Do – Delete the spam e-mail
Do – Employ some sort of Spam Filtering – This is included in most good mail programs such as Outlook/thunderbird but is usually very basic, most ISP’s normally also have this available where you can change the ‘level’ of what you class as spam to be stricter, and there are also external companies or programs that you can use if necessary (it’s not normally this bad though unless you absolutely have to publish your e-mail on the web in my experience).
Is UK2 doing anything about Spam?
This has been in our minds recently as we have been upgrading our e-mail platform and there are a few measures we are taking (or have taken already).
- We’ve introduced an extra level of spam filtering on our own mail servers and actively monitor our shared services for any of our users attempting to ‘spam’ (intentionally or not).

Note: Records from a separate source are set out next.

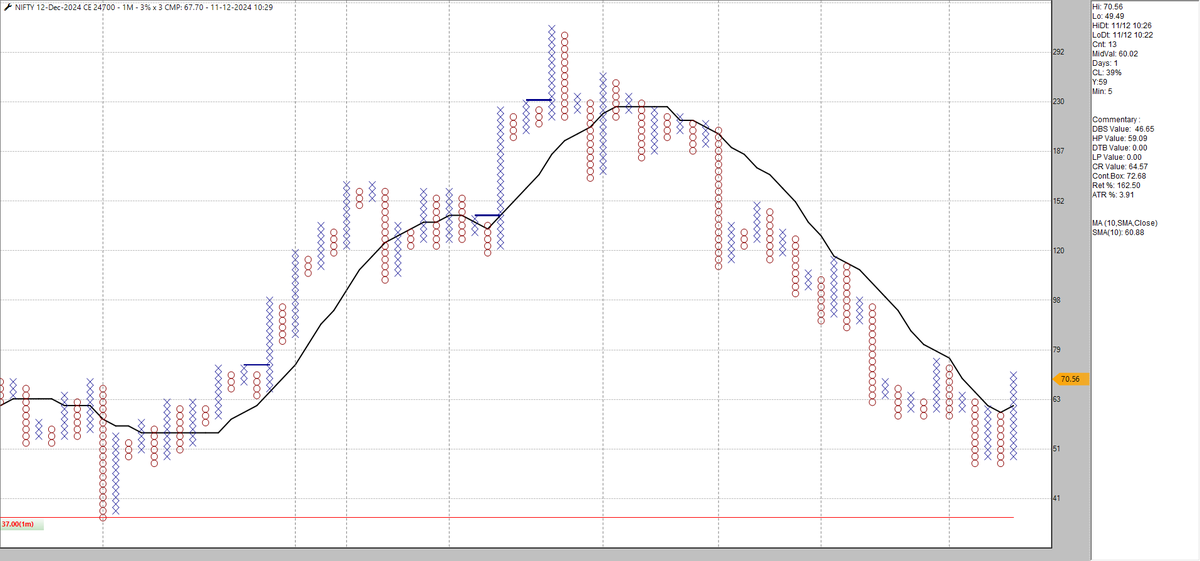 srvithal388's tweet photo. #Nifty #Nifty50

#24700CE 

#PatternRetest 

Setup turned Bullish at earlier bullish trend level

1% - 1 Min 

CMP 70
Stop below 37
Can be traded with 1:2 RR https://t.co/elppf1mcyK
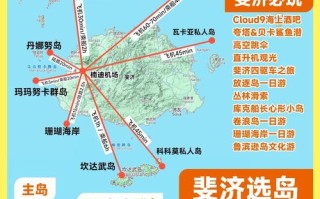 斐济的旅游资源 - 斐济旅游胜地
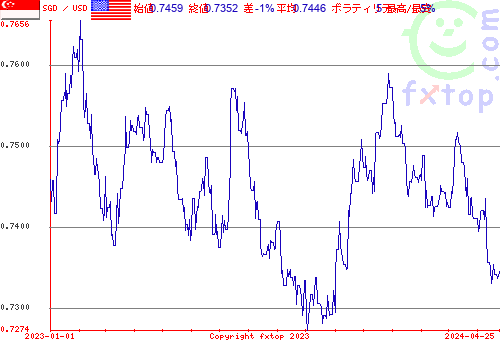 履歴グラフ、クリックすると拡大します。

- We are introducing free POP boxes on our domains and disabling the ‘Catch All Forwarding’ that we gave as standard back in the days when spam was not so much of a problem. This will have a massive, positive impact because dictionary (or brute force) attacks by spammers on domains will not work anymore (where a spammer sends multiple spam e-mails to random addresses on a domain trying to find one that works/replies).
- We have a new dedicated Abuse team to deal with any abuse complaints (including spamming) that we receive.
- a) Less spam being delivered to our customers (especially multiple copies).
- b) We don’t get our mail servers blocked for forwarding spam to other ISP’s (even though it didn’t originate with us)
- c) A faster, more efficient e-mail service.